Фабула «Евреев» была весьма проста. Барон и его дочь, Фрейлейн, оказываются жертвами нападения бандитов; благородный Путешественник спасает их с риском для собственной жизни. Не зная, как выразить свою благодарность, Барон предлагает ему руку дочери, но Путешественник, до этого момента скрывавший свое происхождение, колеблется, а затем наступает развязка:
Путешественник. – (…) я… Я еврей.
Барон. – Он еврей! Роковое препятствие!
Лизетта. – Он еврей!
Фрейлейн. – Да? А в чем дело?
Лизетта. – Тихо, барышня, тихо! Вам сейчас объяснят, что это означает.
Барон. – Значит, бывают такие случаи, когда само Небо мешает нам выразить свою признательность!
Путешественник. – Вы уже прекрасно проявили ее даже тем, что боитесь оказаться недостаточно благодарным.
Барон. – По крайней мере, я хочу сделать столько, сколько позволяет мне судьба. Возьмите мое состояние. 5 предпочитаю быть бедным и благодарным, чем богатым и неблагодарным.

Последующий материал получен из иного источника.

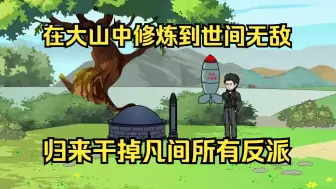 Download Video: 在十万大山中修炼到世间无敌，归来干掉凡间所有反派.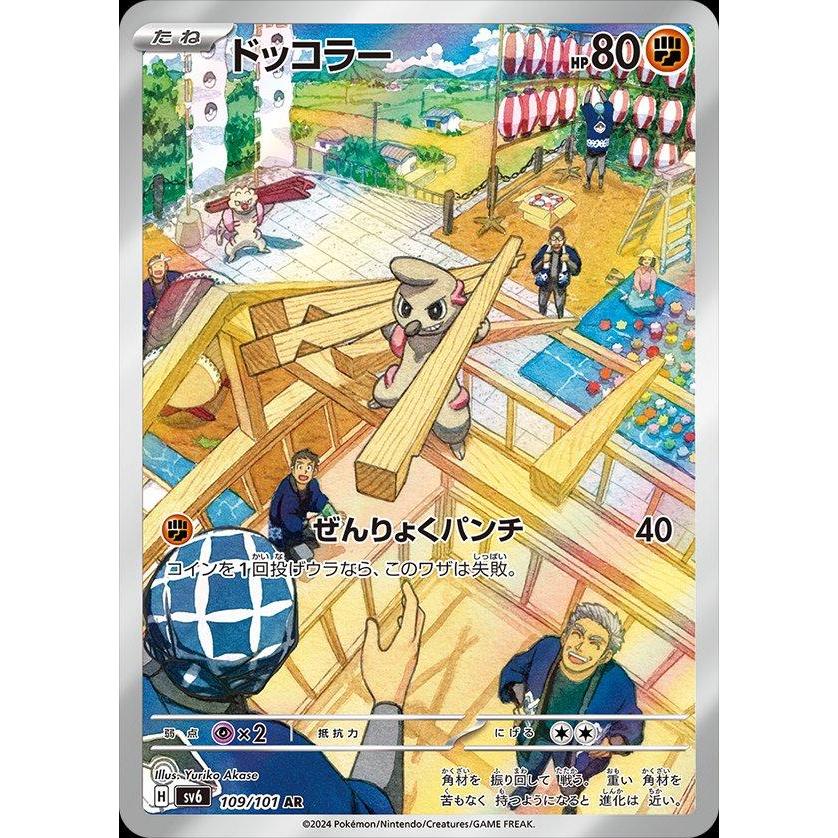 [sv6] Timburr 109 - AR - การ์ดโปเกมอนญี่ปุ่น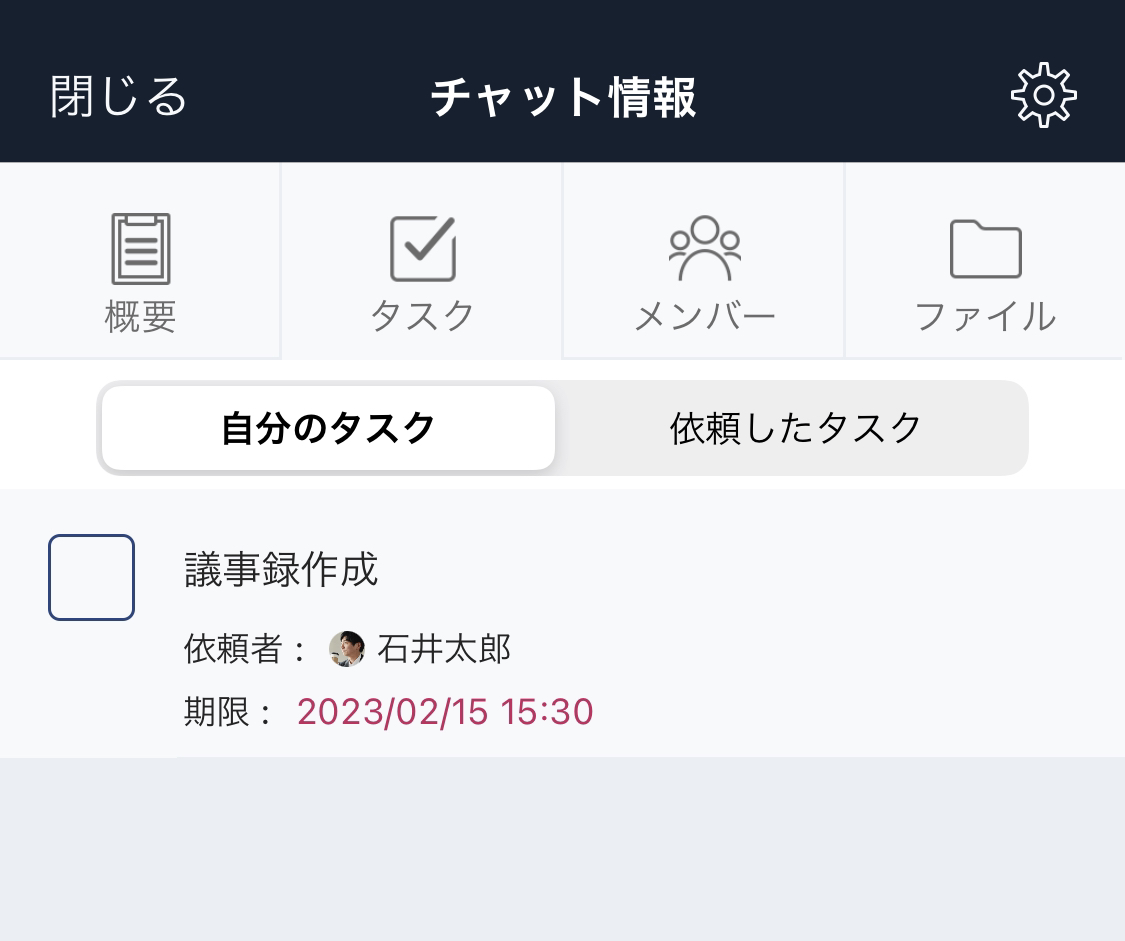 IMG_1485.PNG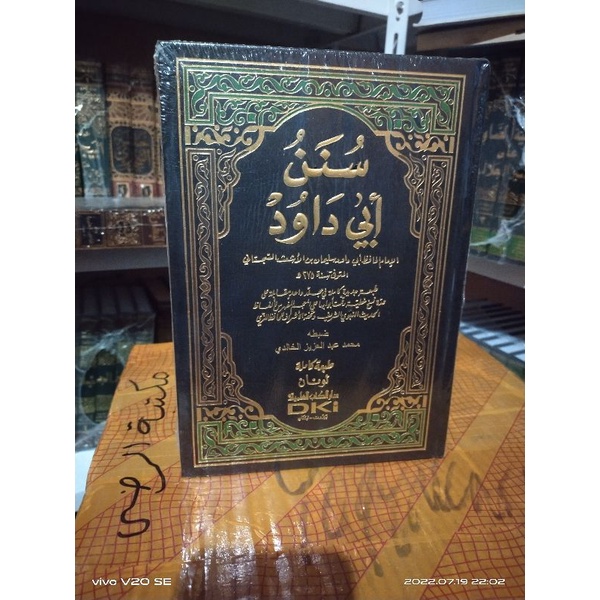 SUNAN ABU DAWUD ABI DAWUD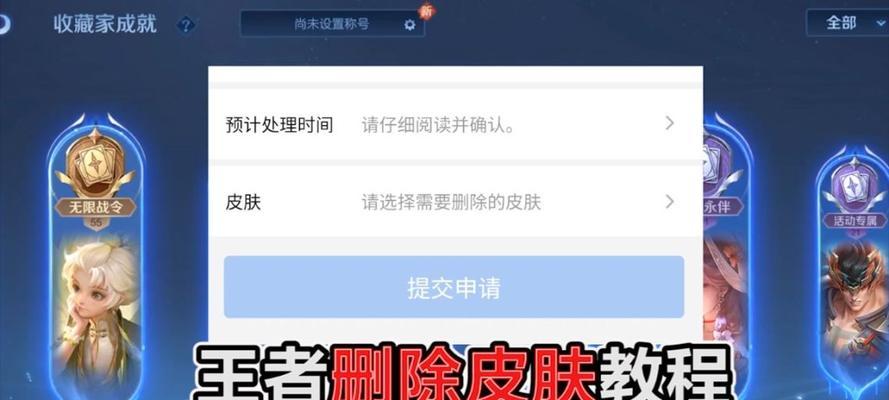 王者荣耀删除好友的步骤是什么？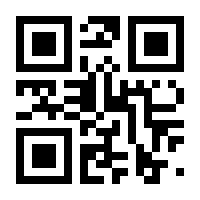 QR-Code zur Buchseite 9783839454145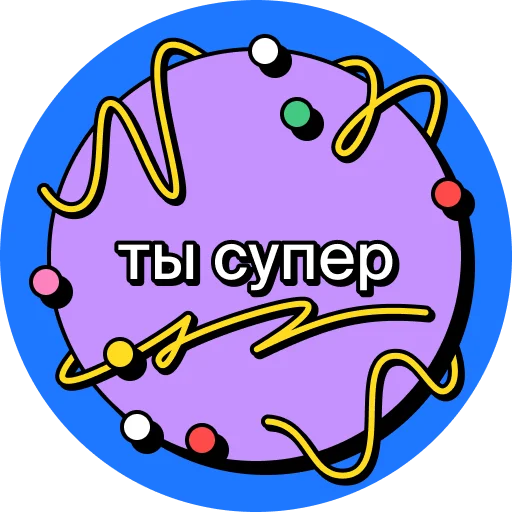 Sticker hvalilki - 1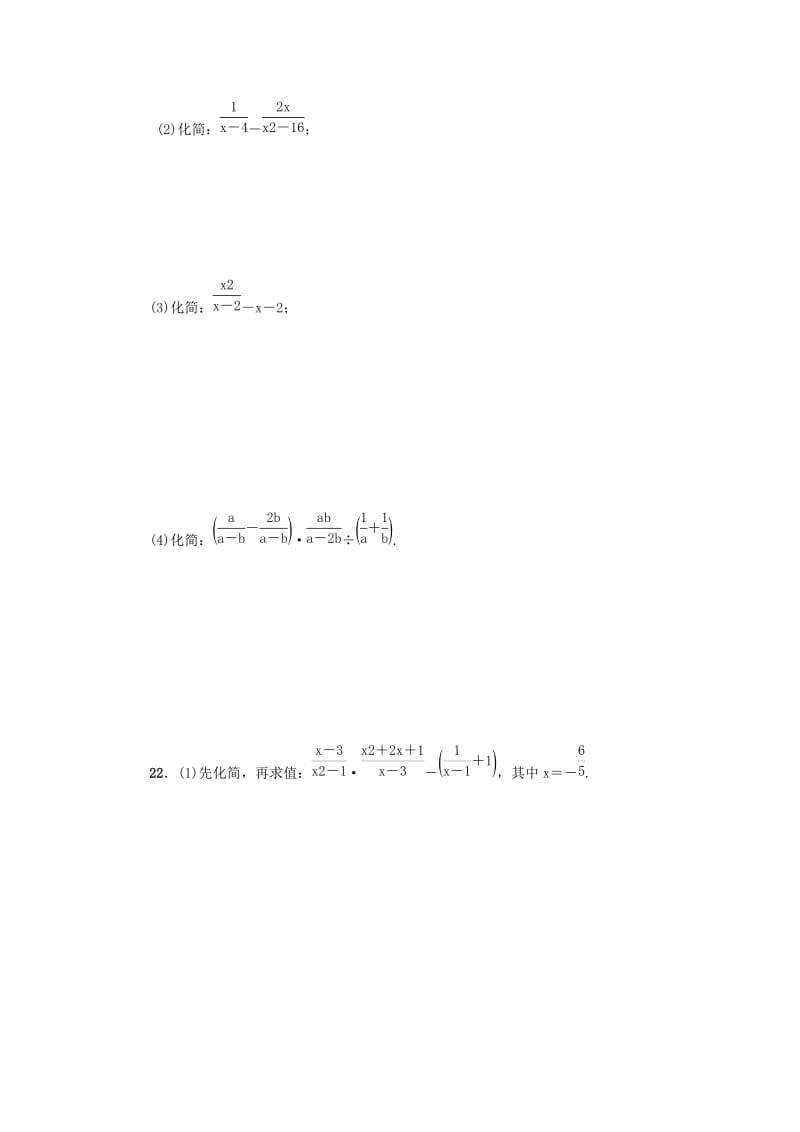 八年级数学上册 第12章 分式和分式方程达标检测卷 （新版）冀教版.doc_第3页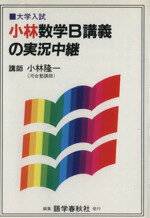 楽天市場】語学春秋社 鞠子生物講義の実況中継 中/語学春秋社/鞠子英雄 | 価格比較 - 商品価格ナビ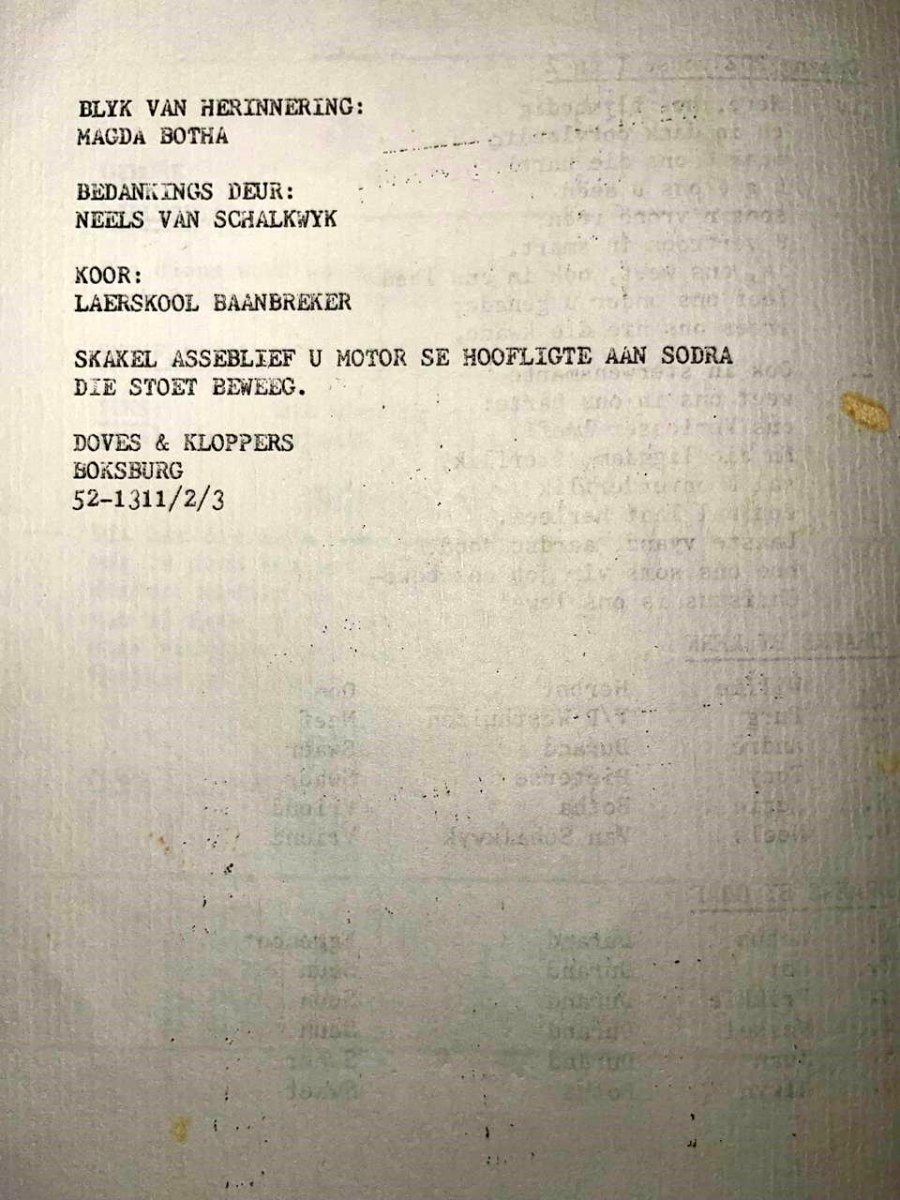 DURAND-Wina-1941-1987-F-04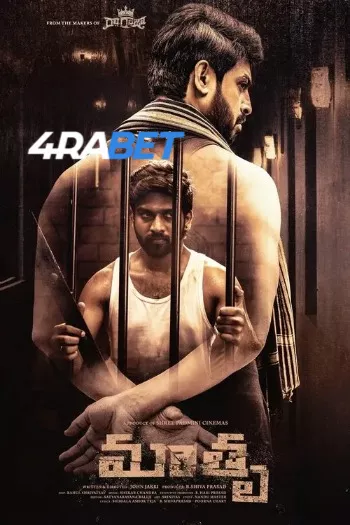 Mathru (2025) Hindi (HQ-Dub) HDTS 720p 480p Full Movie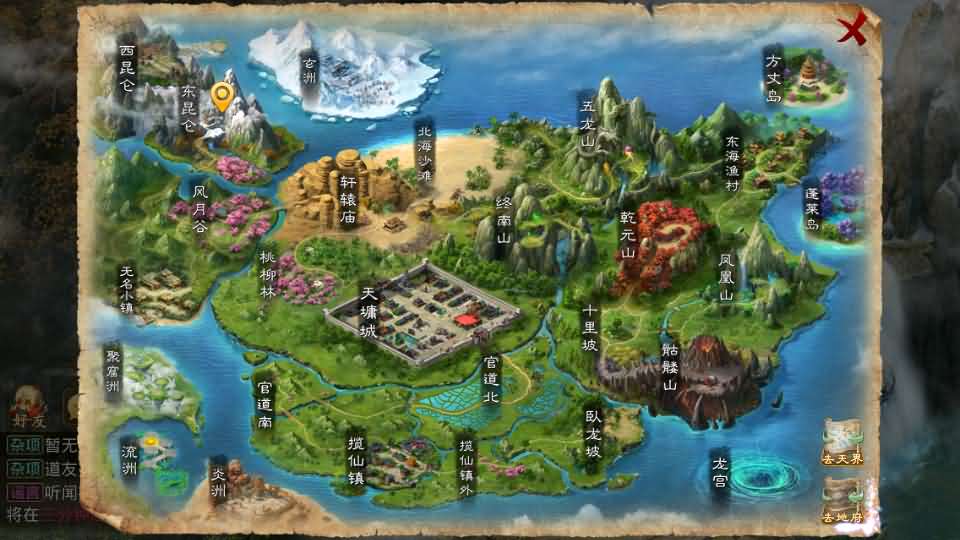 经典回合手游【某道-灵泽】最新整理Win系服务端 安卓苹果双端 运营后台 代理后台 详细搭建教程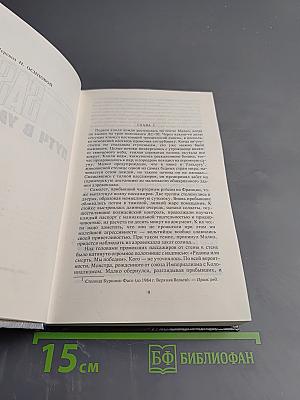 Путч в Уагадугу. Эмбарго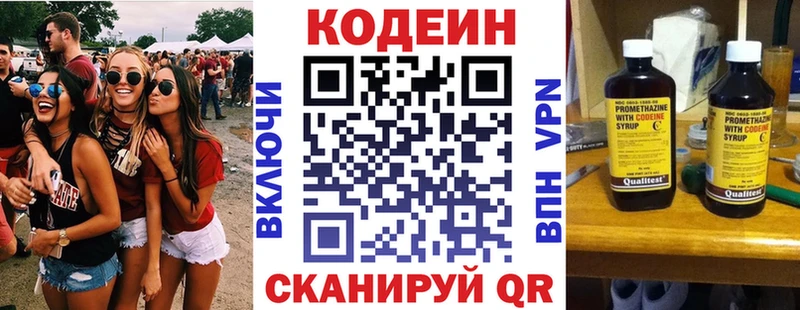 Кодеин напиток Lean (лин)  omg ссылка  Сухой Лог  цены  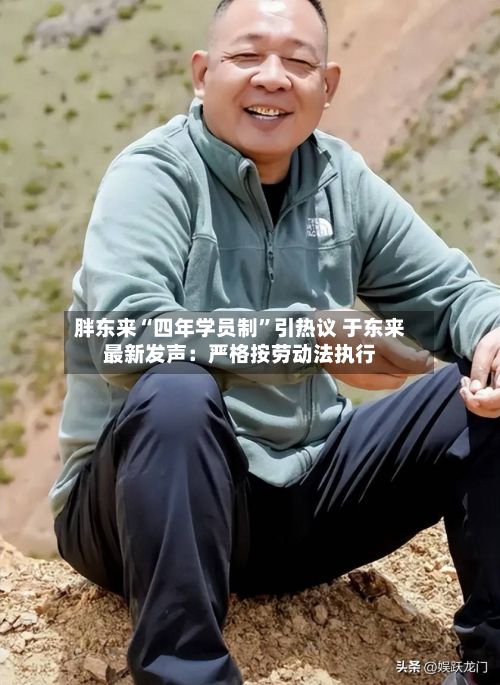 胖东来“四年学员制”引热议 于东来最新发声：严格按劳动法执行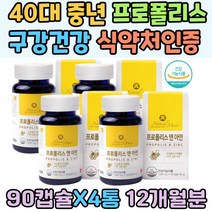 40대 중년 프로폴리스 구강건강 관리 식약처인증 여자 남자 노인 중장년 몸이 나른 기운이없을때 하루1캡슐 3중복합기능성 캐나다산 플라보노이드 초등학생 청소년 추천 건강한 식습관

Путешественник. – Это предложение излишне, ибо Бог моих предков дал мне больше, чем необходимо. В качестве вознаграждения я не желал бы от вас, господин барон, ничего другого, кроме того, чтобы отныне вы говорили о моем народе в более умеренных выражениях. Я не скрыл от вас мою религию, но, отмечая, что вы проявляете ко мне лично столько расположения, сколько отвращения вы испытываете к моим ближним, я счел достойным вас и меня, чтобы воспользоваться дружбой, каковую я имел счастье внушить вам, для разрушения в сознании такого человека, как вы, столь несправедливых предубеждений против моего народа.